Tamily Weissman, associate professor of biology
Similar protein aggregation is associated with other neurological disorders, including Alzheimer's, amyotrophic lateral sclerosis (ALS), and Huntington's disease. A better understanding of these protein clumps, known as Lewy Bodies, could lead to breakthrough discoveries and open up new paths to treatment.
Using zebrafish models
Weissman's work is focused on alpha-synuclein, the abnormally clumping protein found in the brains of Parkinson's patients. The National Institutes of Health (NIH) is funding her innovative approach, which examines how this protein behaves in zebrafish models. She and her team are looking at the factors surrounding the phosphorylation at a protein site known as serine 129. The site "gets tagged" with a phosphate group, explains Weissman, who is also known for her work on a multicolor cell-labeling technique called Brainbow.
"If you look at all of the aggregated alpha-synuclein, you'll wonder, 'Why has it all been tagged at that site? And in the same way? Nobody knows. It's a total mystery," she says.
Weissman and her colleagues recently provided one key clue by confirming that phosphorylation at serine 129 cannot be the sole driver of the protein clumping.
"Our question is, 'What else, in addition to the tag, needs to be in place for the clumping to occur?'" says Weissman.
Faculty-student summer research
Weissman conducts her research with undergraduate students who work in the Weissman Lab. Together, they conduct experiments that include injecting zebrafish embryos with alpha-synuclein DNA and manipulating the protein at different sites. They mark it with fluorescence and, because the embryo is transparent, can then observe its behavior using a confocal microscope. This specialized microscope allows them to image the process in a high-resolution way, as well as to make observations over time.

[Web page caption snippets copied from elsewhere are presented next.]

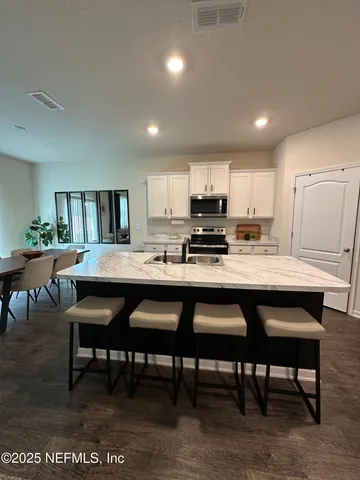 a living room with furniture a window and a flat screen tv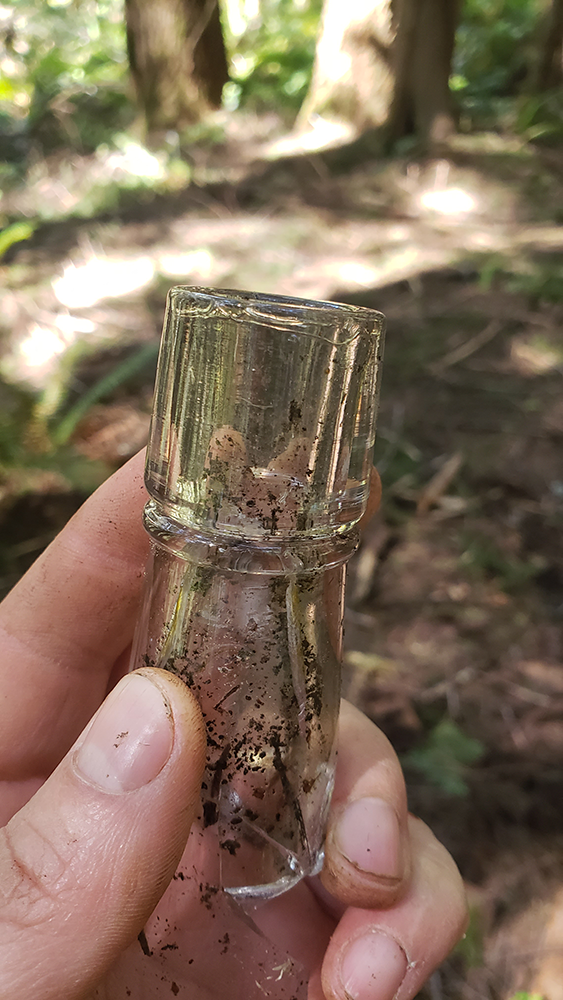 Fragment of thick glass bottle with seams stopping before the lip, indicating pre-machine production.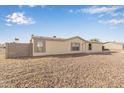 Beige one-story home in a desert landscape, under a beautiful blue sky with scattered clouds at 6901 W Patricia Ann Ln, Peoria, AZ 85382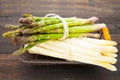 High angle shot of a bundle of green asparagus and white asparagus on a wooden table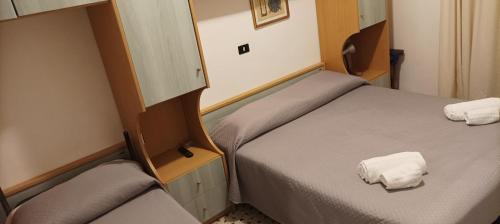 two beds in a small room with towels on them at Villa Lavinia in Rimini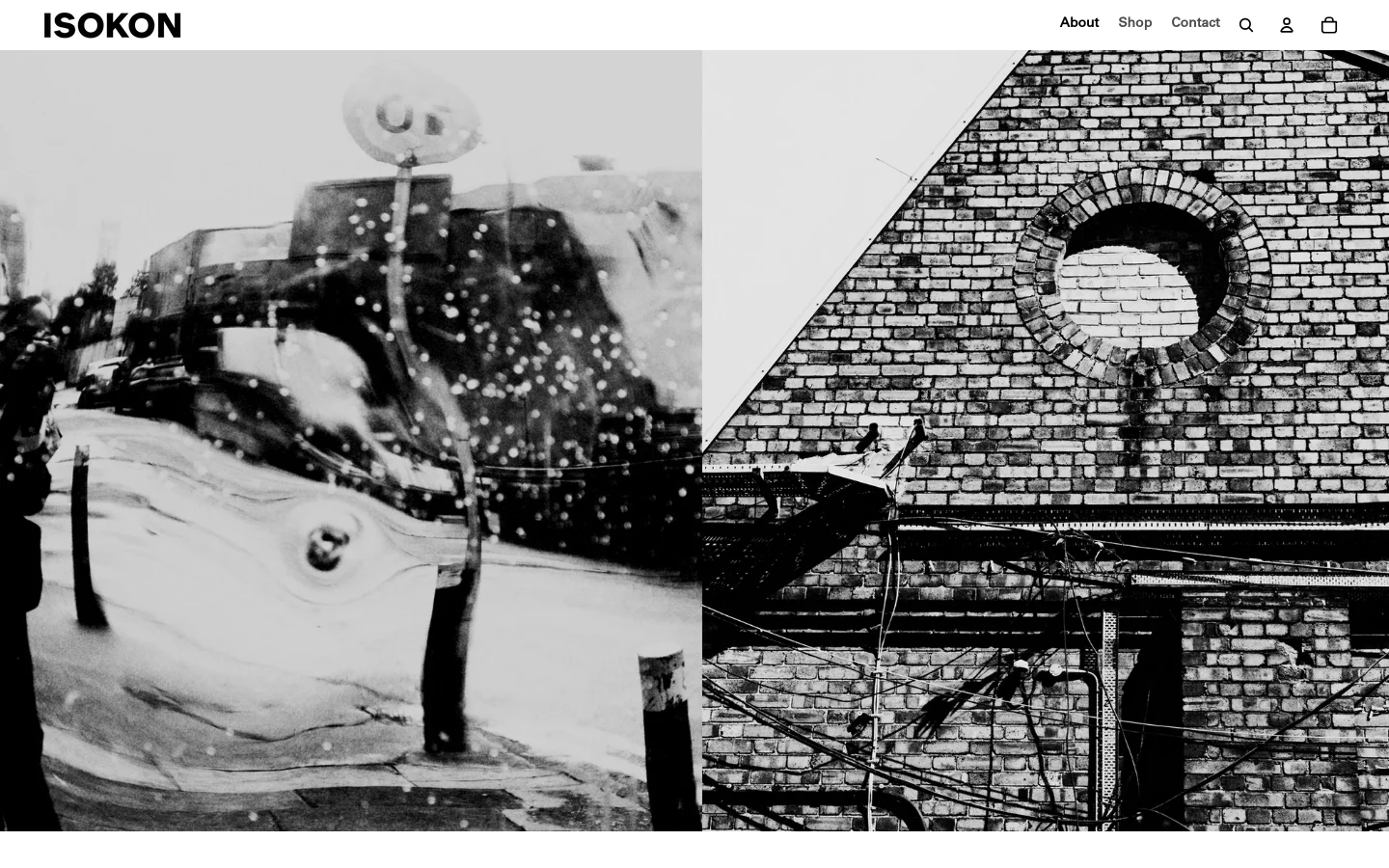 The desktop homepage features a minimalist design with a large black and white hero image split into two sections: an abstract street scene and a brick building with a circular window. Below the hero image, the Isokon logo is centered above a high-quality photograph of a light-colored plywood chair. The layout uses ample white space and clean typography, with a top navigation bar containing links for About, Shop, Contact, a search icon, a user profile icon, and a shopping bag.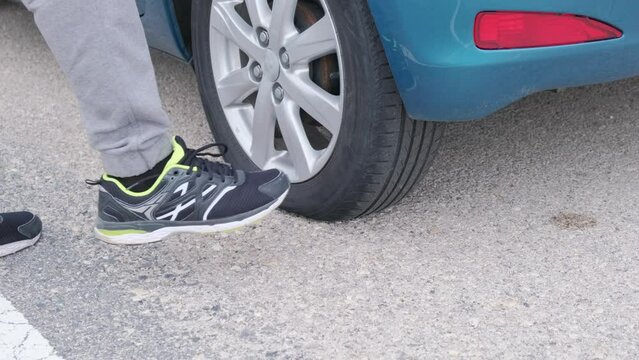 Close-up of a flat tire on a car. The man checks and kicks the wheel.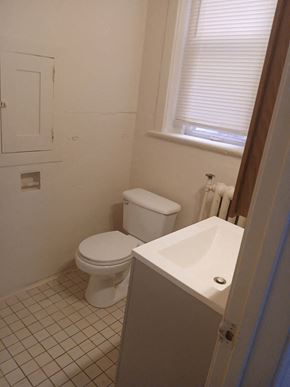 Louisville apartment for rent - a bathroom with a toilet and a sink and a window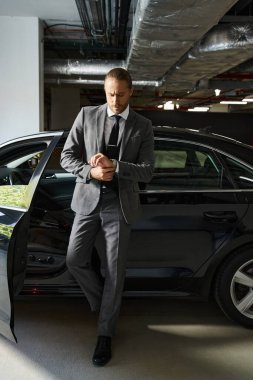 good looking bearded man in elegant suit posing next to his car on parking lot, business concept clipart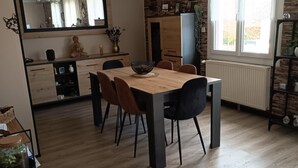 Eine moderne Küche mit Essbereich. Sie zeigt einen großen Holztisch mit Stühlen, einen schwarzen Stuhl und eine Schüssel auf dem Tisch. Ein Fenster mit Vorhängen, ein Heizkörper und eine Pflanze auf dem Fensterbrett sind zu sehen.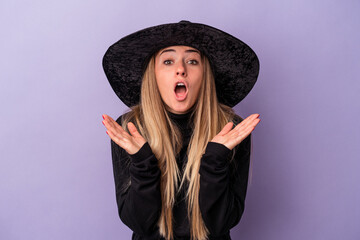 Wall Mural - Young Russian woman disguised as a witch celebrating Halloween isolated on purple background surprised and shocked.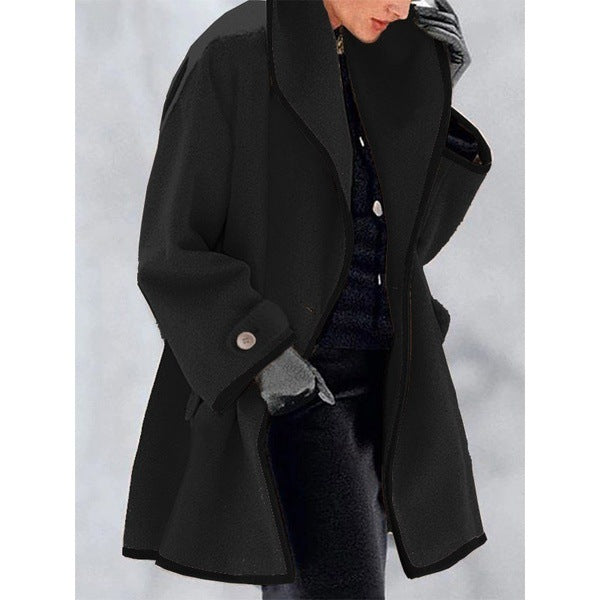 Women's loose fit coat with contrast piping trim, wide collar, elegant cut, bold detailing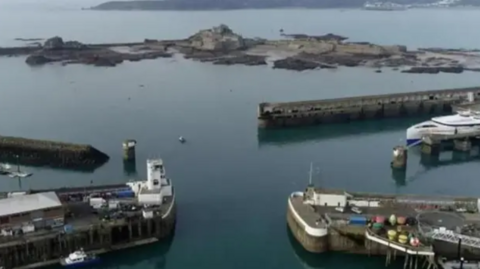 An elevated view of St Helier Harbour showing quaysides and boats. The water is calm.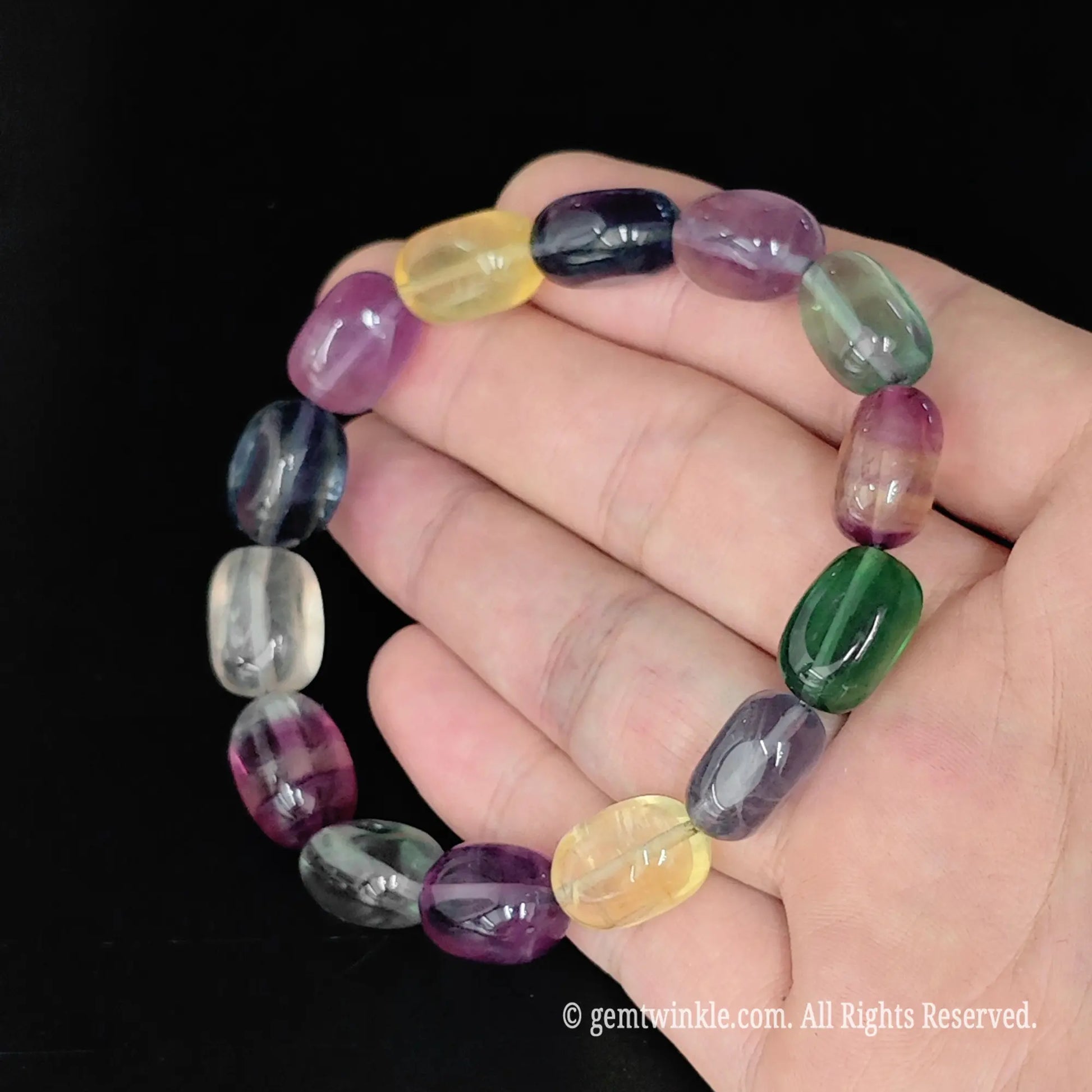 multi-color rainbow fluorite drum bead stretch bracelet displayed in open hand
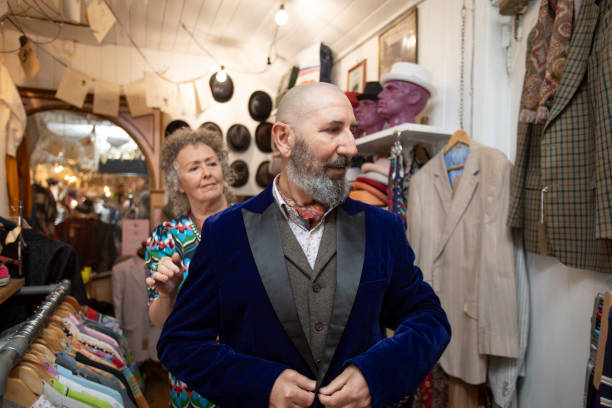 istock Senior man trying on a jacket in a vintage clothes store 2174933864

This summer, four students worked in the Weissman Lab as part of the 10-week John S. Rogers Science Research program, which helps prepare undergraduates for science careers through faculty-student research. The students-including Biology majors Brandon Apresa '24 and Claire Zawadzki '25, along with Biochemistry and Biology major Brendan Creeks '24 and Psychology major Lily Schainker '25-have spent the summer gaining hands-on lab experience through specialized training, as well as by conducting experiments and collecting data. Most of them will continue working in the lab into the fall semester as part of independent study courses. They also work closely with Weissman's full-time lab technician, Nicole Brockway.
Brandon Apresa BA '24 will pursue the work this year as part of his senior thesis.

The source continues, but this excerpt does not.